▶ **Exercise description**
Your answer should be an exact copy of the data.

(Data extracted from a collection)
-=-=-
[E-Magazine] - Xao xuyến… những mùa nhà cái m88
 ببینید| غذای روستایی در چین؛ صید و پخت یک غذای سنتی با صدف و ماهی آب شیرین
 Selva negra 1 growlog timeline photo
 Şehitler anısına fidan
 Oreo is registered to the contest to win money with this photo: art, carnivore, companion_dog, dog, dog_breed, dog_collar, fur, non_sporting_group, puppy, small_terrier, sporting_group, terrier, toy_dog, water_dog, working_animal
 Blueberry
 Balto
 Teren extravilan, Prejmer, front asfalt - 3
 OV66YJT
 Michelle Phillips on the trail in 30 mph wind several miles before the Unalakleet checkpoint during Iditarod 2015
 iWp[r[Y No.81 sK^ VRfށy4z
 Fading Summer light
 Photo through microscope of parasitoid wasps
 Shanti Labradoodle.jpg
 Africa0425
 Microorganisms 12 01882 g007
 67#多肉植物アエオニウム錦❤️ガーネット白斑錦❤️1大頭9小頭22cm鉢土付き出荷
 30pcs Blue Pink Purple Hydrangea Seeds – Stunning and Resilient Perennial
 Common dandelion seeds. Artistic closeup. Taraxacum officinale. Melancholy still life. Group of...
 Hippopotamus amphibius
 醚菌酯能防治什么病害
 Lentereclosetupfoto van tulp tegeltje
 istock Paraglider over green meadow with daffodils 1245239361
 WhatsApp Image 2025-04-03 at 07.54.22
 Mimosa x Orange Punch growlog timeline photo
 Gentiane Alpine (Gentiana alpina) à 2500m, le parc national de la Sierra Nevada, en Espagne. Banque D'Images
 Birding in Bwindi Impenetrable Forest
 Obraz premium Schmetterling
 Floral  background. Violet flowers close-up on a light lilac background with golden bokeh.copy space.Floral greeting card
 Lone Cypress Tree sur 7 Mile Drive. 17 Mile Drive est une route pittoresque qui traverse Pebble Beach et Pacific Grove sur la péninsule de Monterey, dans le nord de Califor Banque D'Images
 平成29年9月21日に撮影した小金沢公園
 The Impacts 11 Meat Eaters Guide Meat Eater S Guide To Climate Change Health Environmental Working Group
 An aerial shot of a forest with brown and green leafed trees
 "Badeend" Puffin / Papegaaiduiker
-=-=-
▶ **Written solution**
[E-Magazine] - Xao xuyến… những mùa nhà cái m88
 ببینید| غذای روستایی در چین؛ صید و پخت یک غذای سنتی با صدف و ماهی آب شیرین
 Selva negra 1 growlog timeline photo
 Şehitler anısına fidan
 Oreo is registered to the contest to win money with this photo: art, carnivore, companion_dog, dog, dog_breed, dog_collar, fur, non_sporting_group, puppy, small_terrier, sporting_group, terrier, toy_dog, water_dog, working_animal
 Blueberry
 Balto
 Teren extravilan, Prejmer, front asfalt - 3
 OV66YJT
 Michelle Phillips on the trail in 30 mph wind several miles before the Unalakleet checkpoint during Iditarod 2015
 iWp[r[Y No.81 sK^ VRfށy4z
 Fading Summer light
 Photo through microscope of parasitoid wasps
 Shanti Labradoodle.jpg
 Africa0425
 Microorganisms 12 01882 g007
 67#多肉植物アエオニウム錦❤️ガーネット白斑錦❤️1大頭9小頭22cm鉢土付き出荷
 30pcs Blue Pink Purple Hydrangea Seeds – Stunning and Resilient Perennial
 Common dandelion seeds. Artistic closeup. Taraxacum officinale. Melancholy still life. Group of...
 Hippopotamus amphibius
 醚菌酯能防治什么病害
 Lentereclosetupfoto van tulp tegeltje
 istock Paraglider over green meadow with daffodils 1245239361
 WhatsApp Image 2025-04-03 at 07.54.22
 Mimosa x Orange Punch growlog timeline photo
 Gentiane Alpine (Gentiana alpina) à 2500m, le parc national de la Sierra Nevada, en Espagne. Banque D'Images
 Birding in Bwindi Impenetrable Forest
 Obraz premium Schmetterling
 Floral  background. Violet flowers close-up on a light lilac background with golden bokeh.copy space.Floral greeting card
 Lone Cypress Tree sur 7 Mile Drive. 17 Mile Drive est une route pittoresque qui traverse Pebble Beach et Pacific Grove sur la péninsule de Monterey, dans le nord de Califor Banque D'Images
 平成29年9月21日に撮影した小金沢公園
 The Impacts 11 Meat Eaters Guide Meat Eater S Guide To Climate Change Health Environmental Working Group
 An aerial shot of a forest with brown and green leafed trees
 "Badeend" Puffin / Papegaaiduiker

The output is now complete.